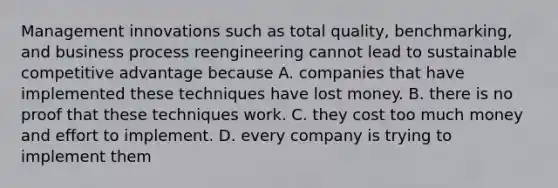 Management innovations such as total quality, benchmarking, and business process reengineering cannot lead to sustainable competitive advantage because A. companies that have implemented these techniques have lost money. B. there is no proof that these techniques work. C. they cost too much money and effort to implement. D. every company is trying to implement them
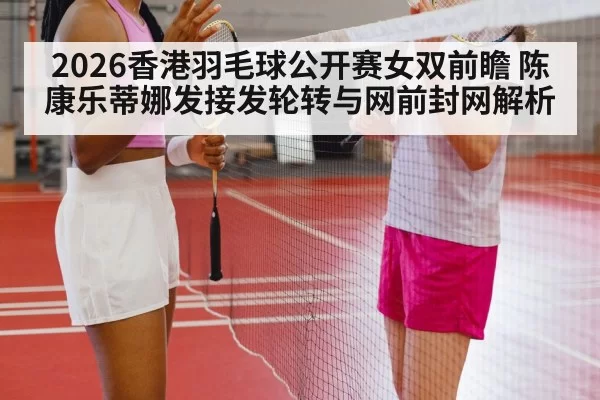 2026香港羽毛球公开赛女双前瞻 陈康乐蒂娜发接发轮转与网前封网解析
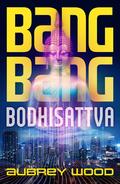 Bang Bang Bodhisattva by Aubrey Wood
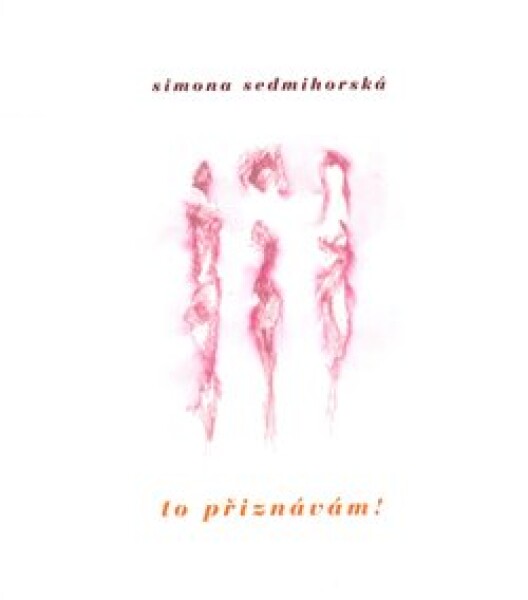 To přiznávám! Simona Sedmihorská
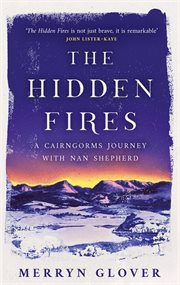 The Hidden Fires : A Cairngorms Journey with Nan Shepherd cover image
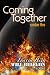 Coming Together: Under Fire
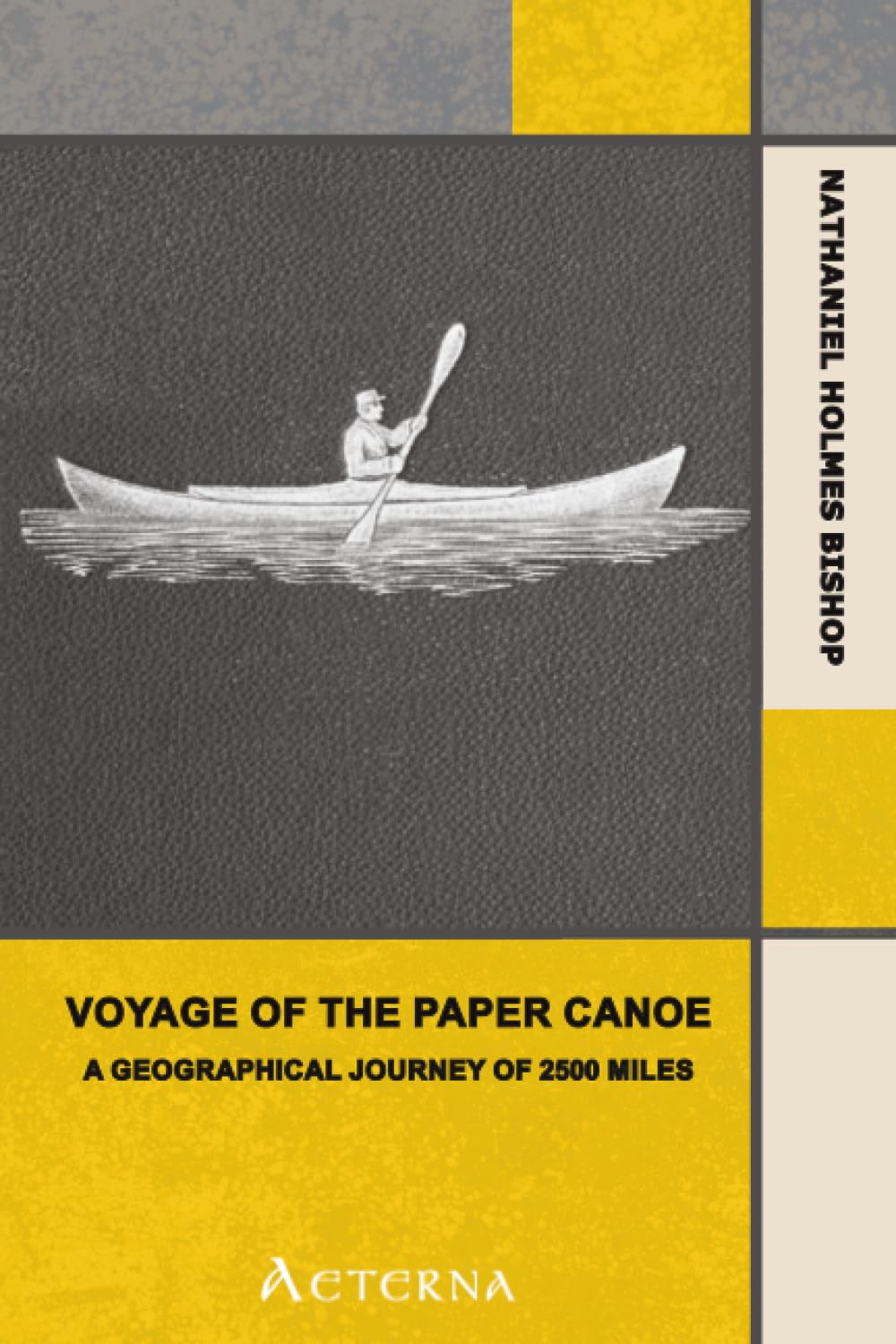 Voyage of the Paper Canoe. A Geographical Journey of 2500 Miles, from Quebec to the Gulf of Mexico, During the Years 1874-5 Memories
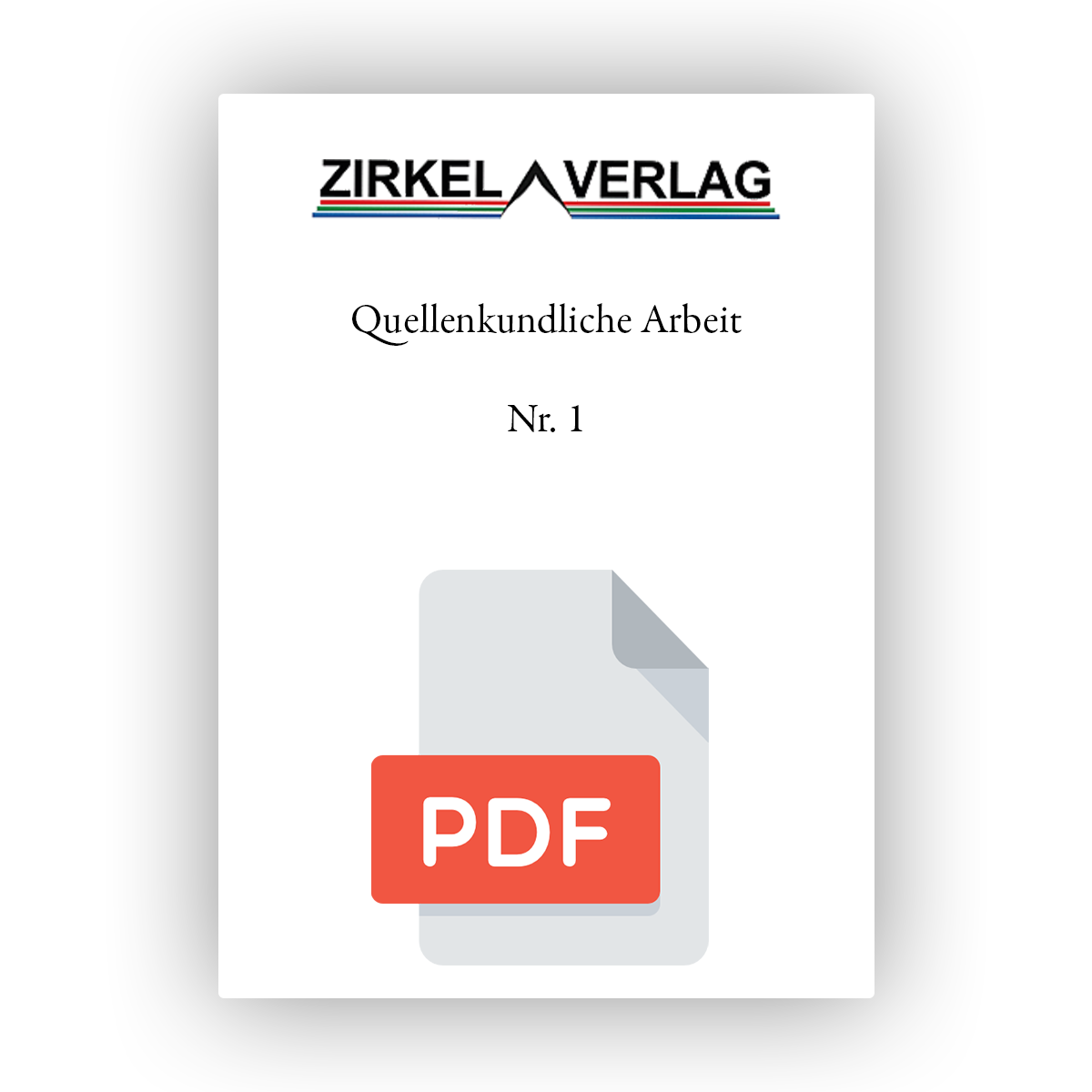 Quellenkundliche Arbeit Nr. 1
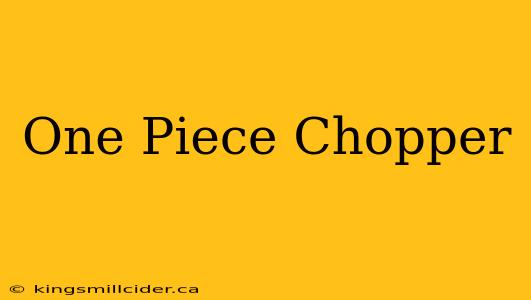 One Piece Chopper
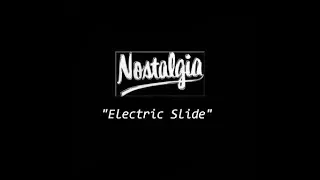 Nostalgia  - "Electric Slide" LIVE
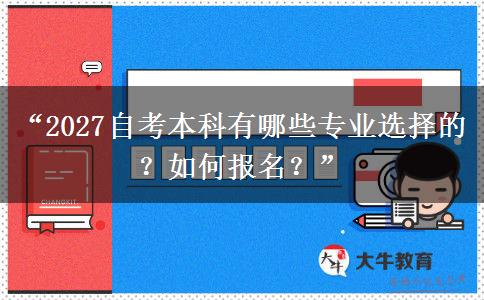 “2027自考本科有哪些专业选择的？如何报名？”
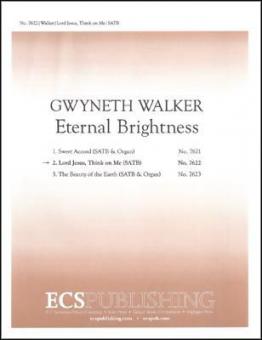 Eternal Brightness: 2. Lord Jesus, Think On Me 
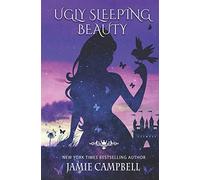 Ugly Sleeping Beauty: 4 (The Fairy Tales Retold Series)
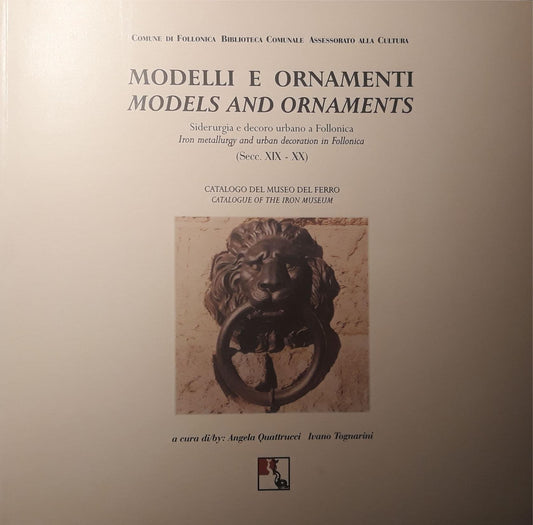 Modelli e Ornamenti Models and Ornaments: Siderurgia e decoro urbano a Follonica - Catalogo bilingue Italiano e inglese del Museo del Ferro (Secc. XIX - XX) - copertina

____________

What you will do: Each line of the data should be printed again exactly. Please leave pictures out.

Task solution:
 Management innovations such as total quality, benchmarking, and business process reengineering cannot lead to sustainable competitive advantage because A. companies that have implemented these techniques have lost money. B. there is no proof that these techniques work. C. they cost too much money and effort to implement. D. every company is trying to implement them
 2026香港羽毛球公开赛女双前瞻 陈康乐蒂娜发接发轮转与网前封网解析
 Bang Bang Bodhisattva by Aubrey Wood
 To přiznávám! Simona Sedmihorská
 The Hidden Fires : A Cairngorms Journey with Nan Shepherd cover image
 Coming Together: Under Fire
 Voyage of the Paper Canoe. A Geographical Journey of 2500 Miles, from Quebec to the Gulf of Mexico, During the Years 1874-5 Memories
 Quellenkundliche Arbeit Nr. 1
 One Piece Chopper
 Nostalgia  - "Electric Slide" LIVE
 “2027自考本科有哪些专业选择的？如何报名？”
 Eternal Brightness: 2. Lord Jesus, Think On Me 
 Ugly Sleeping Beauty: 4 (The Fairy Tales Retold Series)
 Modelli e Ornamenti Models and Ornaments: Siderurgia e decoro urbano a Follonica - Catalogo bilingue Italiano e inglese del Museo del Ferro (Secc. XIX - XX) - copertina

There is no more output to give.